Fusion: the best of both worlds, or the worst of everything?
When it comes to music, I liked 70s jazz fusion when nobody else did. Everyone complained: it’s not real jazz they shouted. It’s bad, self-indulgent rock, they whined. It’s soul that won’t move anyone living they lamented. But I still liked it. Turns out I wasn’t alone. Many fusion fans were hiding from the directors and enforcers of jazz taste. And that explains why I would fruitlessly dig and dig in the used record stores for 70s fusion LPs. I would get ecstatic when I found one, only to realize the next time I went to the CD section, that it had just been re-released. Digitally remastered. With bonus tracks. Turns out collectors wouldn’t trade in the rare grooves until they had a digital replacement. Fortunately there’s only me and a few underground hip-hop producers competing for this stuff, but still.
This fusion dish is much easier to pull together than obscure Herbie Hancock funk. The only tricks are cooking the sweet potatoes the way you want in time with the greens and getting it as hot as you like. True yams are very rare in American grocery stores, what we have are various kinds of sweet potatoes. For this dish I suggest one of the orange varieties often labelled as yams. True yams and sweet potatoes as well as greens are popular in African cooking. Tomatoes are common, though not native, much African cooking is hot and spicy, and peanuts are a common garnish. I add mushrooms in place of meat for extra nutrition, and because I like them.
African Fusion Mixed Greens and Yams
1 bunch each kale and collards, chopped
1 onion, chopped
4 cloves garlic, minced
1 inch chunk fresh ginger, minced
fresh hot chilis, minced to taste (I usually use 1 serrano or 2 jalapenos)

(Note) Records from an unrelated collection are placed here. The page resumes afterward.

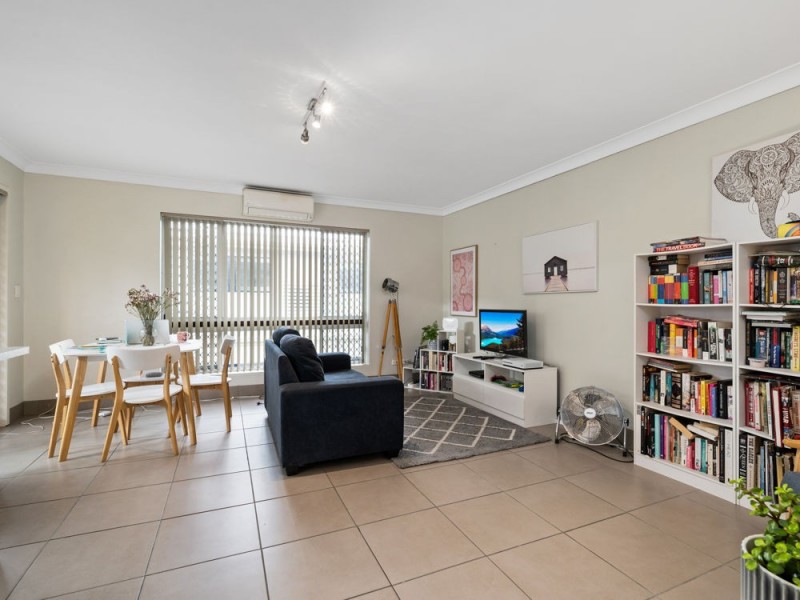 2/42 Garden Terrace, Newmarket QLD 4051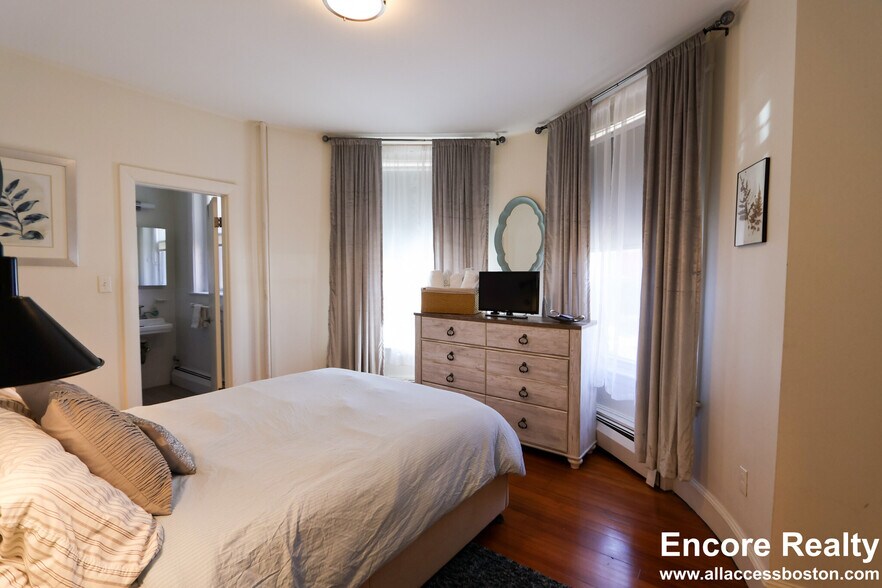 Building Photo - 1874 Beacon St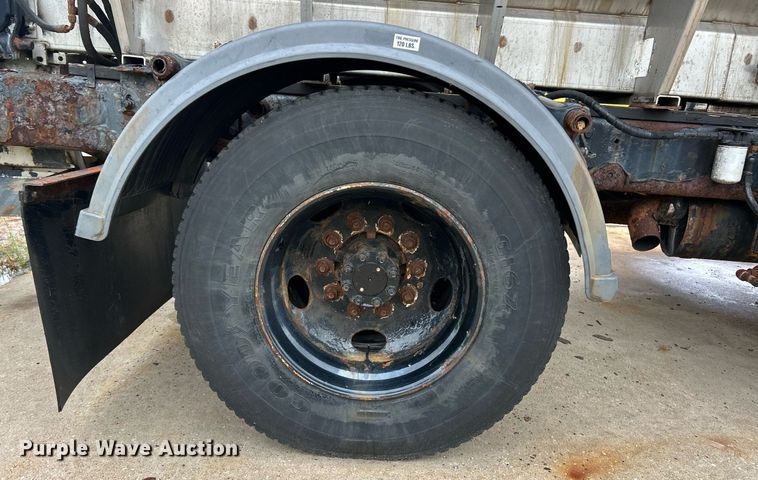 image for item EK8352 2005 International 4300 spreader truck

1 red bell pepper, chopped
8 oz. sliced mushrooms
2 C chopped fresh tomatoes
2-3 C chopped yams
1 can kidney beans
Chili paste to taste (like sambal oelek or Sriracha)
chopped roasted peanuts
Saute the onion, garlic, and peppers in a little water or broth for about 5 min. while prepping other ingredients. Add the yams. Add the mushrooms and continue to saute until they begin to release their juices. Add tomatoes and greens, stir well and cover. Continue to cook, stirring occasionally until greens and yams are done. Add water as needed to keep everything steaming along happily. When veggies are done, add beans and stir in enough chili paste to get desired amount of heat. Garnish with peanuts. Serve on top of cooked millet, polenta, rice, or scoop up with pieces of injera.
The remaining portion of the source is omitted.